Ну, это сейчас принято рассматривать те события, как нечто знаковое и эпохальное, а тогда все происходящее вовсе не выглядело чем-то таким, что войдет в легенды. Самое удивительное, что когда Ramones играли в «Roundhouse» (4 июля 1976 года на разогреве у The Flaming Groovies) на шоу пришло столько народа, сколько группа не видела за всю свою предыдущую карьеру. До этого я в основном занимался тем, что искал Ramones «работу» - Джонни всегда говорил «работа», а не «концерты», - и вот мы находимся в одном из самых значимых городов мира, в зале – тысячи людей, и еще столько же не смогли попасть внутрь. Мы приехали в пятницу утром, сыграли в «Roundhouse», на следующий вечер выступили в «Dingwalls» и отправились домой, но, по-видимому, этот короткий визит и стал той искрой, из которой разгорелось пламя британского панка. Я знаю, что 4 июля The Clash вместе с The Pistols играли в Шеффилде, и это был самый первый гиг The Clash. Они пропустили наше выступление в «Roundhouse», но пришли на концерт в «Dingwalls». Помню, как Джонни Рамон и Пол Симонон разговаривали перед тем шоу. Пол сказал: «Вчера вечером The Clash отыграли свой первый концерт - мы никому не нужны, потому что сами не знаем, что делаем, наша группа недостаточно хороша», а Джонни ответил ему: «Подожди, ты еще не видел наш сет. Мы воняем! Мы не владеем инструментами! Просто делай, как мы... просто играй!» Позднее Джо Страммер вспоминал: «Между любыми двумя песнями Ramones невозможно было просунуть даже клочок сигаретной бумаги», так что я думаю, люди были впечатлены. К тому же, те концерты показали промоутерам, что у панка есть аудитория, это тоже было очень важно.
Вы расстались с Ramones после пяти лет сотрудничества, почему они уволили вас?
На самом деле никто меня не увольнял: мы подписали пятилетний контракт, а потом обе стороны должны были пролонгировать соглашение, но Ramones считали, что продают слишком мало альбомов, поэтому решили, что пришло время что-то изменить. Все, что я мог сказать: «Удачи!» Я не разбогател на Ramones, но мне было приятно и весело работать с ними. В начале карьеры они думали, что их песни настолько хороши, что они продадут пять миллионов копий своего дебютника, а затем уйдут на пенсию богатыми и больше никогда не будут надоедать друг другу. Однако этого не случилось.
Когда после расставания с группой вы впервые услышали песню «Danny Says» («Дэнни говорит»), вы были тронуты?

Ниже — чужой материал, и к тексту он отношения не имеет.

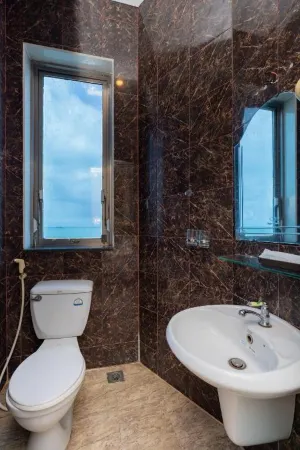 喜迎飯店 - 海灘前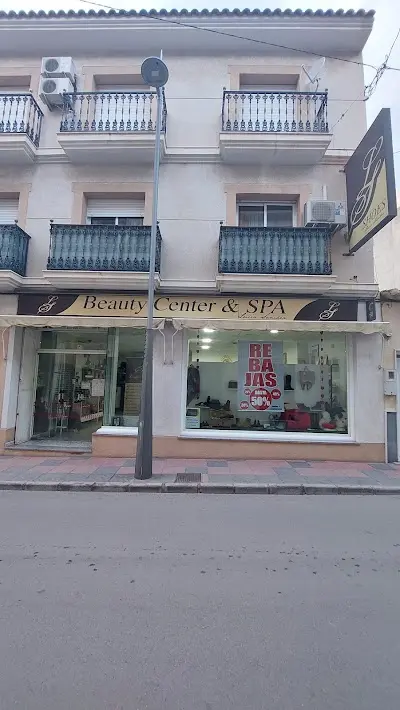 Lucía Sánchez Zapatería — Peluquería en Huércal-Overa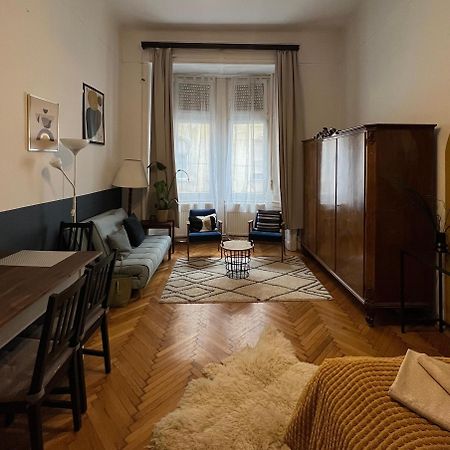 Rustic Apartment In Downtown Of บูดาเปสต์ ภายนอก รูปภาพ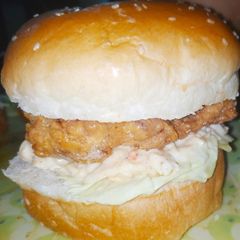 A picture of Zinger burger.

Хммм, нет, потому что она не обо мне. Первоначально песня называлась «Tommy Says», именно Томми был менеджером в начале их карьеры, и это он командовал группой. Джоуи написал ее как своего рода любовное письмо/извинение своей девушке, потому что ему всегда приходилось оставлять ее... а потом, как известно, она бросила его ради Джонни. Знаете, это хорошая, милая песня. Я не хочу показаться сексистом, но это любимая песня всех подружек музыкантов Ramones. А еще я никогда не устраивал концертов Ramones в Айдахо.
Недавно снятый фильм о вашей жизни тоже называется «Danny Says», вы довольны этой картиной?
По большому счету я не имею к ней никакого отношения, разве что позволил киношникам порыться в своих архивах. Я посмотрел этот фильм один раз - на премьере, которая состоялась в прошлом году на фестивале SXSW в Техасе. Просто я решил, что должен увидеть его заранее, чтобы потом не пришлось сгорать со стыда за свою жизнь. Если серьезно, то я думаю, что люди, снявшие этот фильм, проделали действительно хорошую работу.
У вас была по-настоящему интересная жизнь, вы работали со столькими легендарными артистами, остались ли в вашем списке еще какие-нибудь желания?
Не знаю. Я надеюсь продолжать путешествовать, встречаться с людьми, переживать какие-то приключения. Каждый раз, открывая газету, я вижу там некролог на кого-то из своих знакомых, так что я просто счастлив, что пока еще здесь, счастлив, что могу заводить новых друзей. У меня была неплохая жизнь.